Since then we’ve sealed the counters 4 times. Has it worked?
Well, yes and no. Even the best sealers are only able to reduce the absorbency of a stone, not make it completely impervious. Granite Guy said a sealer will buy you 20 minutes. So now that I’ve lived with these counters for a few months, I think that sounds about right. Even after all the sealing, water that stands on the counters for a long period of time will leave a dark mark (which will mostly fade as it dries) but oil or, more recently, a blob of red sauce that sits for a while (whoops!) leaves a permanent mark (though they are quite faint and small and the random pattern of the counter hides them well).
We’ll keep engaging in periodic re-sealing because I do think it helps, but it isn’t a total fix if you have a very absorbent type of granite. I have a feeling that, eventually, we’ll be breaking out the baby powder and acetone. Two scents I’d be just as happy to never, ever smell again. Joy.
So how do you know if you are doomed to a life of sealing and stain removal? Should you seal your stone or not? If your are shopping for granite, what should you avoid?
During my internet research on this subject, one quick and easy way (that came up over and over again) to tell if you counter needed sealing was the lemon juice test. Note: please use a scrap of your counter to do this or do it in an inconspicuous place as it could etch your stone if it has calcite in it. If you are still shopping for granite, use a sample of the same slab you’ll be buying.
The test is simple: drop a few drops of lemon juice on your counter. If they are absorbed immediately and form dark spots, you have a really absorbent stone that need to be sealed RIGHT AWAY and probably repeatedly (note: if I were still looking for granite, I’d move on RUN AWAY). If it takes a minute or so, you probably have a medium absorbency stone that needs to be sealed, but can be managed well with regular applications of the sealer. If after five minutes, nothing happens to the lemon juice, well, WINNER WINNER CHICKEN DINNER! you don’t need to seal your counters at all!
Out of lemons? Want some science to go with the fruit? Then check out this handy site (make sure to look at the tables linked towards the top of the page). Aside from a lot of interesting info about what makes granite, well, granite, the tables list the 180 most common granites and their absorbency rates. Why is this interesting? (I can feel y’all glazing over on me!)
Apparently, a good rule of thumb is that if you’re granite is less than .25%, sealing s not necessary, and in fact can be undesirable (it can create streaks and haze on the stone). More than .25% and you should seal that sucker. Maybe a few times.
In my mind, the real answer to the problem is not to use absorbent stones for kitchen counters, or at the very least, not the portions of kitchen counters that get heavy use. You can be sure when I’m doing the picking of a new counter, I’ll be armed with lemon juice and a copy of those tables!

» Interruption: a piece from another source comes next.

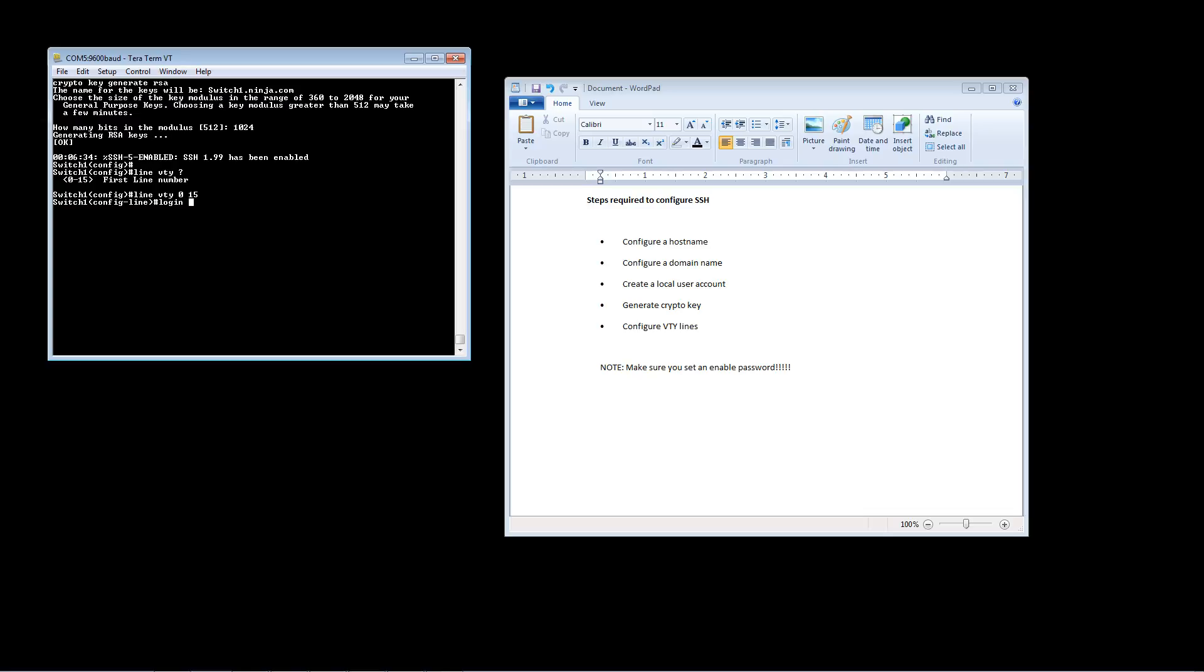The first thing we're going to type in here is login local. Now if you've done Telnet before you know you can just type login there and then type the command password and enter a password for Telnet, but with SSH you have to use a username and password combination. The username and password that we are going to use we configured in our local username and password database. So we type the command login local and that allows us to use that local username and password.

Public Service Announcement: Thanks so much to all five of you who made it through this (WHAT? NO PICTURES?) -I know it’s a bit dull, but I really hope that this info is helpful to someone out there – I don’t want anyone to be unwittingly trapped in the endless cycle of maintaining something they were lead to believe would be hassle-free. Especially after they spent thousands of dollars for the privilege.